BEGIN Data block
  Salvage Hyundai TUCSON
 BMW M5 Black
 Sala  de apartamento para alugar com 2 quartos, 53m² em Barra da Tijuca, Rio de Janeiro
END Data block
§ Problem statement:
The whole listing above is to be output exactly.

§ Result of this exercise:
  Salvage Hyundai TUCSON
 BMW M5 Black
 Sala  de apartamento para alugar com 2 quartos, 53m² em Barra da Tijuca, Rio de Janeiro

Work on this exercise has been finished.